Retornando à crítica que recebi quanto ao fato do “passaporte vermelho ser por vaidade”, posso afirmar que se fosse apenas pelo passaporte vermelho, também tenho antecedentes de outra nacionalidade. Mas nada se compara ao fato de poder falar com a testa alta: sim, sou calabresa, tenho personalidade forte desde bambina, não vou deixar que comentários pejorativos de infância relacionados à minha personalidade e identidade definam quem eu sou e, hoje percebo que isso sempre foi motivo de orgulho para mim.

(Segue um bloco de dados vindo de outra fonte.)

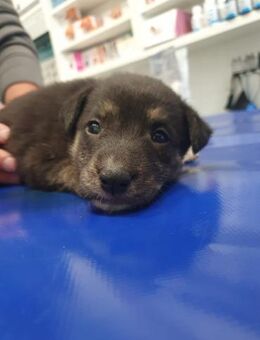 Welpenhündin Hanna-Pure Lebensfreude - Rambin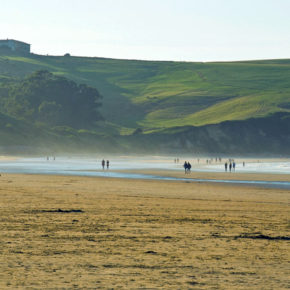 Cs San Vicente de la Barquera solicita que los accesos a la playa de Oyambre desde El Pájaro Amarillo “sean reparados de urgencia”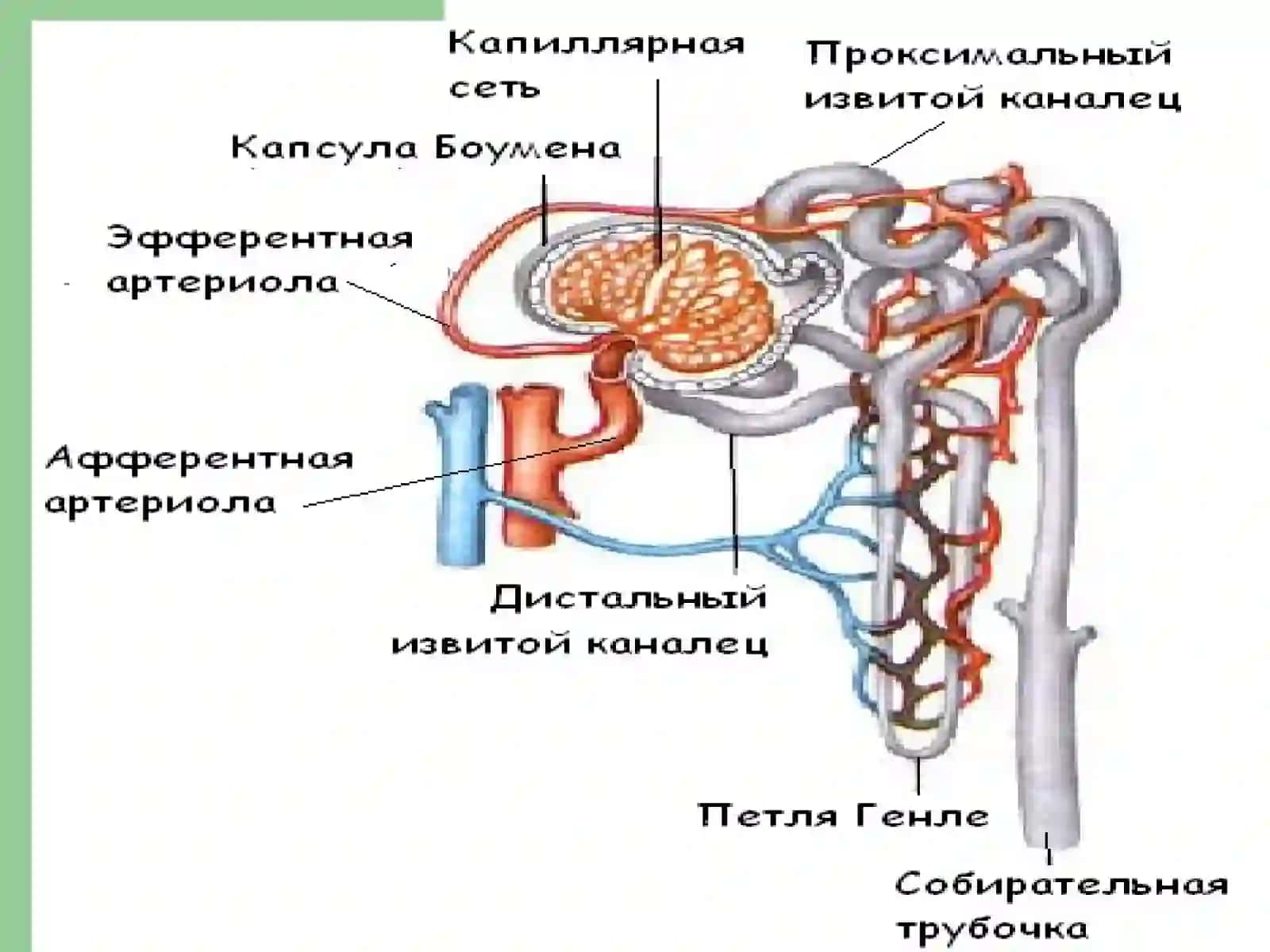 Буйраклар 4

Quero terminar citando mais uma vez um trecho do livro da Giulia Viver à Italiana:

É lindo ver reviravoltas como essa; e nem é tão raro: primeiro, acontece alguma aproximação motivada por alguma desculpa simples, pequena ou prática, como fazer uma viagem curta […] eu chamo esse primeiro passo de desculpa simples por acreditar que no fundo a pessoa já tinha curiosidade genuína pela Itália – e isso pode levar para uma grande mudança de vida. (p.121)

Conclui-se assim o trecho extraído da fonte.